Les employeurs de travailleurs sans-papiers sanctionnés

L’article 34 du projet de loi instaure la mise en place d’une amende administrative pour les employeurs embauchant des travailleurs étrangers sans-papiers, directement ou par personne interposée, conservant à leur service ou employant un étranger non muni du titre l’autorisant à exercer une activité salariée en France. Ces sanctions concernent également un employeur qui aurait recours sciemment, directement ou indirectement, aux services d’un employeur d’un étranger non autorisé à travailler.

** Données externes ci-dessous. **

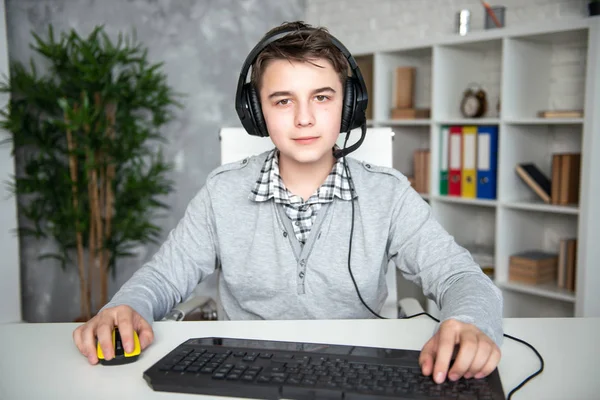 A teenager boy in headphones playing computer games at pc at home in the interior in front of a computer monitor — Stock Photo, Image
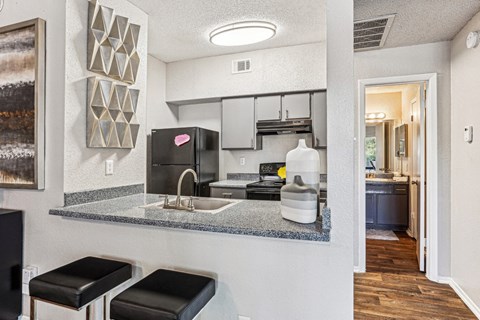 Modern kitchen with stainless steel appliances and a breakfast bar at Laurels of Sendera apartments in Arlington, TX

Le montant de cette amende pourra atteindre jusqu’à 5 000 fois le taux horaire du salaire minimum garanti et pourra être majoré, en cas de réitération, jusqu’à 15 000 fois ce même taux. Elle sera également appliquée autant de fois qu’il y a d’étrangers concernés. Cette dernière sera prononcée par le ministre chargé de l’Immigration, qui devra prendre en compte, pour déterminer le montant de l’amende, les capacités financières de l’auteur, le degré d’intentionnalité, de gravité de la négligence commise et les frais d’éloignement du territoire français du ressortissant étranger en situation irrégulière.

Le texte prévoit également un durcissement du volet pénal. En effet, toute personne, directement ou par personne interposée, qui embauche, conserve à son service ou emploie un étranger non autorisé à travailler en France, sera désormais punie d’un emprisonnement de cinq ans et d’une amende de 30 000 euros, contre 15 000 précédemment. Lorsque l’infraction est commise en bande organisée, ces peines seront portées à dix ans d’emprisonnement et 200 000 euros d’amende, contre 100 000 précédemment.

* Un allophone est une personne qui, dans un territoire donné, a pour langue première une autre que la langue officielle.